=== YOUR OBJECTIVE ===
Copy the line with "Mercek altında: Pelin Akil Altan" and all lines following it through the last line of the entries, exactly as written.

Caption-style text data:
-- Opening Marker --

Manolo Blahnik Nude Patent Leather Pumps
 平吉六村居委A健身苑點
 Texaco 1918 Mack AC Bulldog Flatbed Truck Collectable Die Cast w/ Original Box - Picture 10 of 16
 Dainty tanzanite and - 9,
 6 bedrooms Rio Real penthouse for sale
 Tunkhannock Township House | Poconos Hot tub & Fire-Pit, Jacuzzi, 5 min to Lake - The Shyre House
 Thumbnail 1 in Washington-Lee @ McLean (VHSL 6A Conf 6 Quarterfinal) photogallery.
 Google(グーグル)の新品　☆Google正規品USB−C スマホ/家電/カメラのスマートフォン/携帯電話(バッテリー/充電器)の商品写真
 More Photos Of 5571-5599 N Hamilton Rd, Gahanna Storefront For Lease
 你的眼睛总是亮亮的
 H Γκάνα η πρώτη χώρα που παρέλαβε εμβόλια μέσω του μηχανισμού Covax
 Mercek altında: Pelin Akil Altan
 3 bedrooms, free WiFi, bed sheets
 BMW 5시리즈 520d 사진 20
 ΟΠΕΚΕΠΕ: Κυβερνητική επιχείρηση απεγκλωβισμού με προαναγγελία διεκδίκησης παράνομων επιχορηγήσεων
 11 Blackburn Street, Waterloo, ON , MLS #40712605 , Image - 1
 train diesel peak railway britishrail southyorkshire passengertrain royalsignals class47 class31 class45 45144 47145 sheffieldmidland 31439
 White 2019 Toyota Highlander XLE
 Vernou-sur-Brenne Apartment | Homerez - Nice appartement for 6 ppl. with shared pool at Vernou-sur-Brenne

-- Closing Marker --

=== RESPONSE TO THE TASK ===
 Mercek altında: Pelin Akil Altan
 3 bedrooms, free WiFi, bed sheets
 BMW 5시리즈 520d 사진 20
 ΟΠΕΚΕΠΕ: Κυβερνητική επιχείρηση απεγκλωβισμού με προαναγγελία διεκδίκησης παράνομων επιχορηγήσεων
 11 Blackburn Street, Waterloo, ON , MLS #40712605 , Image - 1
 train diesel peak railway britishrail southyorkshire passengertrain royalsignals class47 class31 class45 45144 47145 sheffieldmidland 31439
 White 2019 Toyota Highlander XLE
 Vernou-sur-Brenne Apartment | Homerez - Nice appartement for 6 ppl. with shared pool at Vernou-sur-Brenne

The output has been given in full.